Maria Regina was due to be born in October and in the province of Bergamo. Agnes and her children went down to Loppiano in1965 for their summer holiday so they could be close to their father Tino (Piazza). The little one did not want to wait and so the first citizen of Loppiano was born in September. “During the birth,” she pointed out, “the focolarini went around the little house reciting the rosary. The midwife, who saw (and heard) from the open window that band of young people, was puzzled. The same young people, who then went off into the countryside to find clothes for me. They returned with new, little dresses and even a cradle.”

 

On the other hand, the last born were those young men and women who went to Loppiano for formation as focolarini (even 50 years ago) and who have consolidated their vocation or have subsequently chosen other vocations, never forgetting Loppiano and the experience of living the Gospel. For the past year, those present in Loppiano or scattered around the world have formed the association “Fellow citizens of Loppiano,” with the intention of contributing to the present and future of the little town. Alessandro Agostini is its coordinator, and, after a humorous greeting, he introduced Focolare President Margaret and Co-President Jesús with the award of honorary fellow citizens.

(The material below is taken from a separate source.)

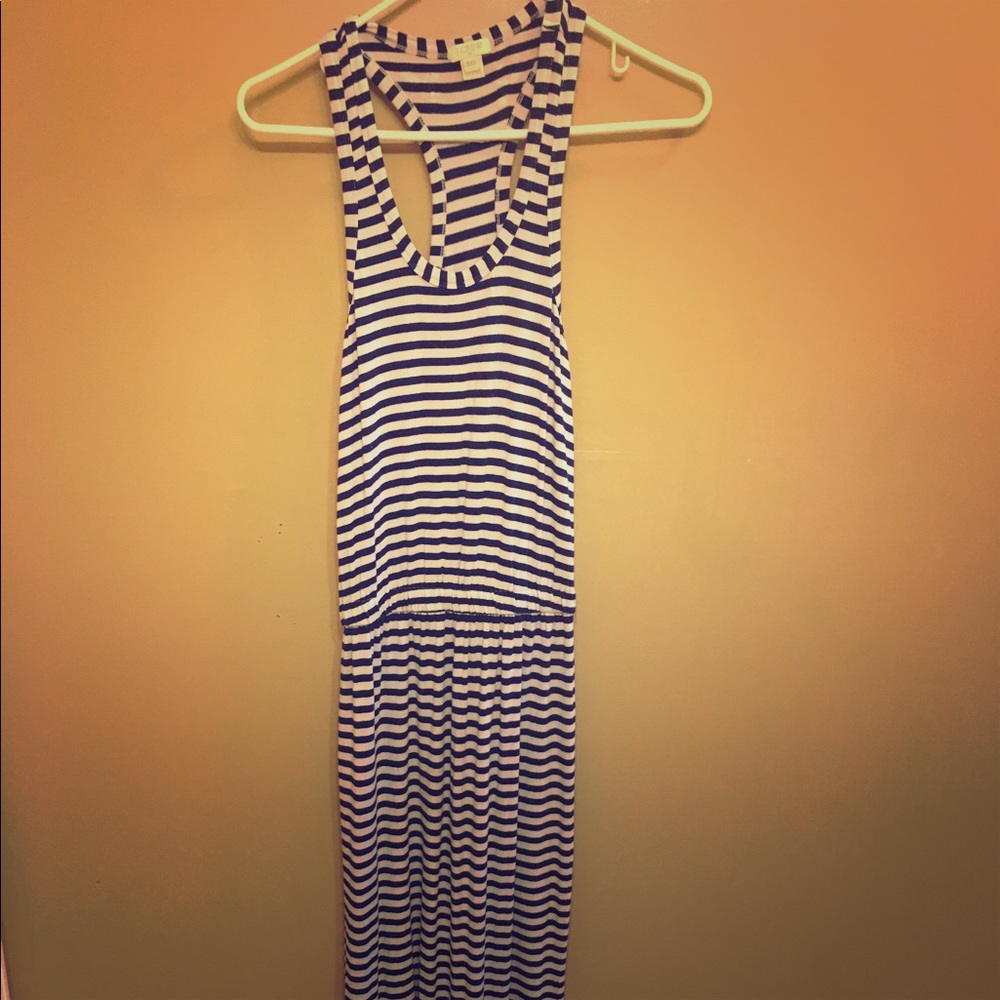 JCrew summer dress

Yesterday’s Loppiano was brilliantly followed by today’s Loppiano, that of the newcomers. Thet introduced themselves with songs, sketches and nursery rhymes, the 12 girls and 13 boys from the Youth Project, the 9 young men and 12 young women participating in the Gen Schools, the 4 couples and 7 children from the Loreto School (in addition to a Mexican couple for the group of leaders), the 17 priests and 3 seminarians at Vivaio, a couple from Milan and Simon from Korea at the Visitation Centre. Departing, however, are seven focolarini and two focolarine for Focolares around the world, now that they have finished their formation period. Finally, Khader, a young man from Gaza, played the cello to accompany the singing of the small group of boys and girls from Palestine, Syria, Egypt and Iraq. The final applause expressed the audience’s deepy-felt appreciation.